Understanding France works council requirements is essential for any deal team, in-house counsel or HR lead involved in a transaction touching a French entity. The comité social et économique (CSE), France’s unified employee representative body, carries statutory consultation rights that can directly influence signing timelines, conditions precedent and the allocation of risk in share purchase agreements (SPAs) and asset purchase agreements (APAs). Failure to manage the French works council consultation process correctly exposes buyers and sellers to injunctions, fines and, in extreme cases, the nullity of post-closing measures. This guide sets out the precise CSE thresholds, the step-by-step consultation process, model timetables and practical SPA drafting points that practitioners need to navigate French M&A with confidence.
The CSE cannot veto a sale. It has no legal power to prevent a share deal or asset transfer from completing. However, French law requires that employees, through their elected CSE representatives, are informed and consulted before the employer implements decisions affecting the organisation, management or general running of the company. In practice, this means CSE consultation France obligations can and regularly do affect deal timelines.
The key points every deal team should absorb immediately are:
The CSE was created by the Ordonnances Macron of September 2017, consolidating three former bodies, the délégués du personnel, the comité d’entreprise and the comité d’hygiène, de sécurité et des conditions de travail (CHSCT), into a single institution. Under Articles L2311-1 and following of the French Labour Code (Code du travail), a CSE must be established in every private-sector enterprise that meets the headcount threshold.
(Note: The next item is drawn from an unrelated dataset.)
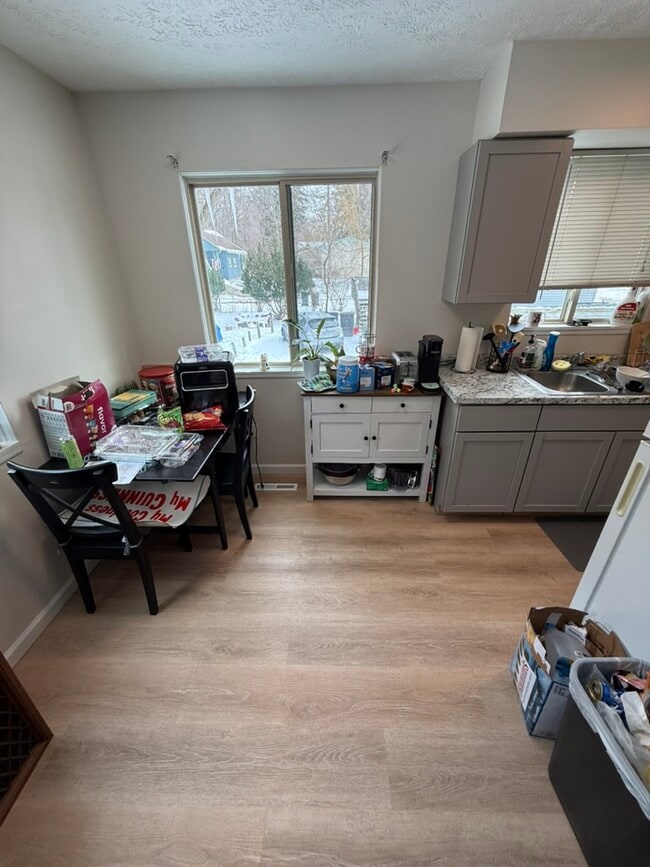 Photo - 1250 Lilac Ave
The CSE fulfils two broad functions. First, it serves as the channel for employee information and consultation in France: the employer must provide the CSE with economic, financial and social data and consult it before taking decisions that affect employment conditions, headcount or the strategic direction of the business. Second, in companies with 50 or more employees, the CSE exercises additional attributions related to health, safety and working conditions, powers formerly held by the CHSCT.
Critically, the CSE delivers a formal avis (opinion) at the end of each consultation. While this opinion is advisory, the employer is not bound to follow it, the consultation itself is a procedural prerequisite. Implementing a decision without having obtained the CSE’s opinion (or without the statutory consultation period having expired) constitutes an offence of délit d’entrave and can be challenged in court.
The scope of an employer’s obligations under France works council requirements varies dramatically depending on headcount. The two critical thresholds, codified principally in Articles L2311-2 and L2312-1 et seq. of the Code du travail, are 11 employees and 50 employees.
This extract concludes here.